Tips and recommendations from experienced housewives

On the Internet, housewives share their secrets of making pelyustka.

Irina, Sudak: “I found a recipe with a photo of pelustka cabbage on the Internet. Both my mother and grandmother prepared this, but what they write on the Internet is slightly different from my family’s recipes. Mom did not grate the beets, but cut them into cubes. In my experience, the sticks give just as much juice and are easy to remove from the cabbage, because not everyone likes beets.”

Mila, Chuguev: “There is a little secret to the pelyuska: when I marinate it with beet and apples, I add 2-3 black peppercorns. It gives off spice, but doesn’t burn.”

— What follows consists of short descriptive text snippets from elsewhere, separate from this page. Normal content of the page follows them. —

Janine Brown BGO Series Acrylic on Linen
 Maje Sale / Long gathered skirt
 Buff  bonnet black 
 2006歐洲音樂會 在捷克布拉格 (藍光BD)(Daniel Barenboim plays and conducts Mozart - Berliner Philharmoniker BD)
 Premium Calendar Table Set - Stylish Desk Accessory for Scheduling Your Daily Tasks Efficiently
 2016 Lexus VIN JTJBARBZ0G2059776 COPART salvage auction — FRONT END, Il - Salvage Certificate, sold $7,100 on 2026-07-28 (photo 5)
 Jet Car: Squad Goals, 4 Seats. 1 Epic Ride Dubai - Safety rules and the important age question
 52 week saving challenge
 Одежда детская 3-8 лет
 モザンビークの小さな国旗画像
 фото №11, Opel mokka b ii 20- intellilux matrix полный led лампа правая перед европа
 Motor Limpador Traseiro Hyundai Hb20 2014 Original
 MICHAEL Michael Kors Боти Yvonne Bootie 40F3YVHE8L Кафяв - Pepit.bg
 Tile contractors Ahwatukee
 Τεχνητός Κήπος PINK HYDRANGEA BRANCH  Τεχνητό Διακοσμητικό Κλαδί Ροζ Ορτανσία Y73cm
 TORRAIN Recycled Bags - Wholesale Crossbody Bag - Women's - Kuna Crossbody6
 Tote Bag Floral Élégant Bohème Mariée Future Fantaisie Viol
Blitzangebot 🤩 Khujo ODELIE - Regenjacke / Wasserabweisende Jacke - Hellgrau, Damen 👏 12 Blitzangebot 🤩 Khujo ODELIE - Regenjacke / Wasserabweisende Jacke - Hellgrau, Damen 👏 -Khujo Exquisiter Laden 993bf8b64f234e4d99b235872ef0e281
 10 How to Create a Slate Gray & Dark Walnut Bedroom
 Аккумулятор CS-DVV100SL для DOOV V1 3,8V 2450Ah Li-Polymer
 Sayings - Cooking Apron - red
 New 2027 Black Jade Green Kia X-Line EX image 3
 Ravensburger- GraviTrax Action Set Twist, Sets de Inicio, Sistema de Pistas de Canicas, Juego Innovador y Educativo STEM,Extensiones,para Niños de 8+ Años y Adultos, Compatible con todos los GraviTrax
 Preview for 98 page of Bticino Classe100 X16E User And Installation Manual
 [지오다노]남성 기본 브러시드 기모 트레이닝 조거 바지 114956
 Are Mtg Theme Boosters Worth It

Elena, Liski: “I’m making a cake for the New Year’s table. It's not that we're fans of kale this holiday, but I'm adding it to deviled eggs. I “dress up” an already filled egg with cabbage leaves, make eyes out of peppers, and you get such cute grandmothers in pink scarves.”

Conclusion

Cabbage, the recipe for which was born in Georgia and received a new name in Ukraine, is a healthy, tasty and easy-to-prepare dish. Beets, carrots, apples, horseradish, and spices are added to it. Pelyustka is prepared with and without marinade. Store cabbage in the refrigerator in glass or ceramic containers. Serve with herbs or berries.